- [DATA]
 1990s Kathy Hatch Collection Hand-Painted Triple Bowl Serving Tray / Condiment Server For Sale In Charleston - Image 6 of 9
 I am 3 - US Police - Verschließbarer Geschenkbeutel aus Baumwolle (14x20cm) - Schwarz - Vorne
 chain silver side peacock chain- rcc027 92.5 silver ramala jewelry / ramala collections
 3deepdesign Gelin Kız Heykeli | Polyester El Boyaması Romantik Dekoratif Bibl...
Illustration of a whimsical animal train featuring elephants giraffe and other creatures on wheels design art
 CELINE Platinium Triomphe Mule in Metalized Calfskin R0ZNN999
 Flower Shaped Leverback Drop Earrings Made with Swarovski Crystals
...
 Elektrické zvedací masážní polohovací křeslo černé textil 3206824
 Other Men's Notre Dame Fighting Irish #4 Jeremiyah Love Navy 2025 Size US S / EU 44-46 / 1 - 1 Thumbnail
---
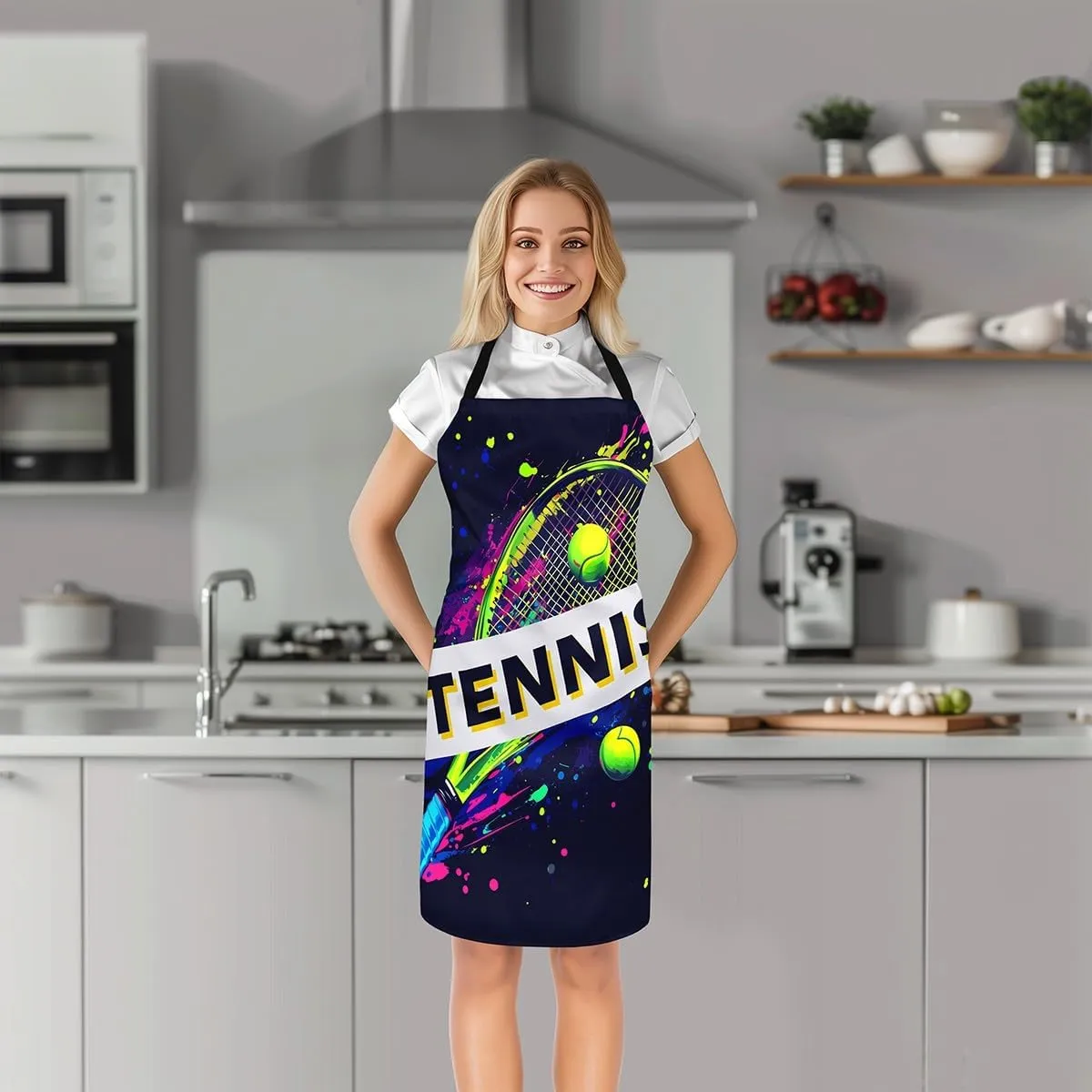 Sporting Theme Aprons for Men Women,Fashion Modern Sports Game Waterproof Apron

- [TASK INSTRUCTIONS] Out of the data above, transcribe exactly and only the lines starting with the line that has "1990s Kathy Hatch" and going on through the line that has "Flower Shaped Leverback", both included.

- [RESPONSE]
 1990s Kathy Hatch Collection Hand-Painted Triple Bowl Serving Tray / Condiment Server For Sale In Charleston - Image 6 of 9
 I am 3 - US Police - Verschließbarer Geschenkbeutel aus Baumwolle (14x20cm) - Schwarz - Vorne
 chain silver side peacock chain- rcc027 92.5 silver ramala jewelry / ramala collections
 3deepdesign Gelin Kız Heykeli | Polyester El Boyaması Romantik Dekoratif Bibl...
Illustration of a whimsical animal train featuring elephants giraffe and other creatures on wheels design art
 CELINE Platinium Triomphe Mule in Metalized Calfskin R0ZNN999
 Flower Shaped Leverback Drop Earrings Made with Swarovski Crystals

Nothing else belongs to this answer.